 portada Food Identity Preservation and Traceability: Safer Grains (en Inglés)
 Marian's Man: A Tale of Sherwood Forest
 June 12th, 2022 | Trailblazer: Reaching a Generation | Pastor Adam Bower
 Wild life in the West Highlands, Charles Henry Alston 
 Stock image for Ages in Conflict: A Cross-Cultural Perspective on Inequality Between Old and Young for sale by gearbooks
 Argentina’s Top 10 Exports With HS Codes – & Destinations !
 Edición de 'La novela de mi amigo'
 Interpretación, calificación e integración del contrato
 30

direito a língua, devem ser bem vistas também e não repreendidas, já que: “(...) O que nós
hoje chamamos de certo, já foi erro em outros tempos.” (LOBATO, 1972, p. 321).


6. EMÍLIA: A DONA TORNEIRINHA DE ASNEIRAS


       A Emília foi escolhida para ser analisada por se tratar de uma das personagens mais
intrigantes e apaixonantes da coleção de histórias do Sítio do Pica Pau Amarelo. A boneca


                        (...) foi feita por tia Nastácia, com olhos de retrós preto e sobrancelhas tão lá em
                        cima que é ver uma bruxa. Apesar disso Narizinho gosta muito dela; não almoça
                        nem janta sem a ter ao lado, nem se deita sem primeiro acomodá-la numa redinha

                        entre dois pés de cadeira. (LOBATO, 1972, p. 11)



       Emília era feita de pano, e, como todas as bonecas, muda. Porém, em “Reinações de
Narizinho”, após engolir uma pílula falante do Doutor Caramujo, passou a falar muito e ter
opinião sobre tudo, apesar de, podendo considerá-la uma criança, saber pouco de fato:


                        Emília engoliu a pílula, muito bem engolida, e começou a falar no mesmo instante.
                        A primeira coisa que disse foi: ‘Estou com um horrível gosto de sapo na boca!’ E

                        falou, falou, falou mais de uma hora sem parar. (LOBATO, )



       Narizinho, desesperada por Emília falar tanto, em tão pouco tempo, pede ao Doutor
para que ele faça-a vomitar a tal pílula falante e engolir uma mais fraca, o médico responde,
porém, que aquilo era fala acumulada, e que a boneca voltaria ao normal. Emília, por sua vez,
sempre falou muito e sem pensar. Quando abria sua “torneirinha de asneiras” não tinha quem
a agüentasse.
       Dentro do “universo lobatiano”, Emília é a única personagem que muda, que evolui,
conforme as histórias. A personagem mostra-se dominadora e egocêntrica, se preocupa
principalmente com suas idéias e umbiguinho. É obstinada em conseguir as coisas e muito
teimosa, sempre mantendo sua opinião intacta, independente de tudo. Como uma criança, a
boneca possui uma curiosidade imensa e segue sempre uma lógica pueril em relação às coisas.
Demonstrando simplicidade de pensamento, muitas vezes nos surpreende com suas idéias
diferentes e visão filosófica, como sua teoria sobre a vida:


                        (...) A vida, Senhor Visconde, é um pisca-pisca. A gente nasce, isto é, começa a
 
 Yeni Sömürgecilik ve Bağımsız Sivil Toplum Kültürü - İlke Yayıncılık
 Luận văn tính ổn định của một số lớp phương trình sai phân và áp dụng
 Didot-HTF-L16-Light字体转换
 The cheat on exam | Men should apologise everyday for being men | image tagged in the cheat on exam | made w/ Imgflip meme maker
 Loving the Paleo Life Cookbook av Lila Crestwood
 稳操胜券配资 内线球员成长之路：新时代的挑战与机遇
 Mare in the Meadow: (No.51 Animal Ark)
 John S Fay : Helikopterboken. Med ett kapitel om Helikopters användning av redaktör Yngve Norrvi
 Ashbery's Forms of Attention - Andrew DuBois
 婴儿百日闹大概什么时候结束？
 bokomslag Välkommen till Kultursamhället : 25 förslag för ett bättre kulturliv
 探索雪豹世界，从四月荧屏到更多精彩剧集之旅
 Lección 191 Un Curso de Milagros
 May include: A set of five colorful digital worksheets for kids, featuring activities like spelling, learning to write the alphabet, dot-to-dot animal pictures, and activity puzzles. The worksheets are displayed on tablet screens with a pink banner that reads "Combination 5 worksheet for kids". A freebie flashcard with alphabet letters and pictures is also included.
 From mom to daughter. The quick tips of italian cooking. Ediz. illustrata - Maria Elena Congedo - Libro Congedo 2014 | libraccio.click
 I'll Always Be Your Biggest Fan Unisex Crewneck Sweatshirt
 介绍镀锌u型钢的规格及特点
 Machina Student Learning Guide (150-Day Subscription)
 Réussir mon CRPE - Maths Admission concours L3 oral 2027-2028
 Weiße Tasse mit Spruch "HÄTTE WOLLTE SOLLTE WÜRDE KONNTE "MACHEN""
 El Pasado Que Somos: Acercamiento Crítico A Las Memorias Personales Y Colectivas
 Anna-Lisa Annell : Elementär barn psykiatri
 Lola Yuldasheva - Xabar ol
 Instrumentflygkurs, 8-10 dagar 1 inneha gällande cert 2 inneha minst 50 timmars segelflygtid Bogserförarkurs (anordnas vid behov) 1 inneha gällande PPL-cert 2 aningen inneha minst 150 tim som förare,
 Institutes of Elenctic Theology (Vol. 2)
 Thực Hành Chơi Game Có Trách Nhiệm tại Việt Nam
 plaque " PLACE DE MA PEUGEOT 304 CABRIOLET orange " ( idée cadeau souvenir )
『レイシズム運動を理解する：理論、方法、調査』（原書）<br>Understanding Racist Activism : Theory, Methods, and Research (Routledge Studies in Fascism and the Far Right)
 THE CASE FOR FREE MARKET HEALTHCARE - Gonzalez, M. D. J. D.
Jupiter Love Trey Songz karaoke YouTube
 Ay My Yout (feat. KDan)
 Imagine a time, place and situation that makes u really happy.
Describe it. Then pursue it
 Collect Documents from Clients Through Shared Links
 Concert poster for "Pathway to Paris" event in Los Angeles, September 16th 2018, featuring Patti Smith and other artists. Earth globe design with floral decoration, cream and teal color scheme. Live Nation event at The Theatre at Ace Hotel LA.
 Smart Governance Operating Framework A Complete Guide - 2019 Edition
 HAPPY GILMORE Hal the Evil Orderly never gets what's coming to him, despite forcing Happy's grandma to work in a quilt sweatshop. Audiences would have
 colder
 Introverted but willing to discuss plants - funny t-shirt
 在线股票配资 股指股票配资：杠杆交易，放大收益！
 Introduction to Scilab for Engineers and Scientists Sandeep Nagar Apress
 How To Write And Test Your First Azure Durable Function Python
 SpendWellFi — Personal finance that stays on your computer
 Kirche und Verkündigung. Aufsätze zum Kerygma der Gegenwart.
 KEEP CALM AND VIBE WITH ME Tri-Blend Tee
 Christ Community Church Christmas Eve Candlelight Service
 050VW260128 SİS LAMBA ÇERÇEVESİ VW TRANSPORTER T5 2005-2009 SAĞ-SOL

——————————

-- Exercise details --
Each line from the start of the listing above through the line containing "Wild life in" should be copied exactly, please, with no other lines added.

-- Output below --
 portada Food Identity Preservation and Traceability: Safer Grains (en Inglés)
 Marian's Man: A Tale of Sherwood Forest
 June 12th, 2022 | Trailblazer: Reaching a Generation | Pastor Adam Bower
 Wild life in the West Highlands, Charles Henry Alston 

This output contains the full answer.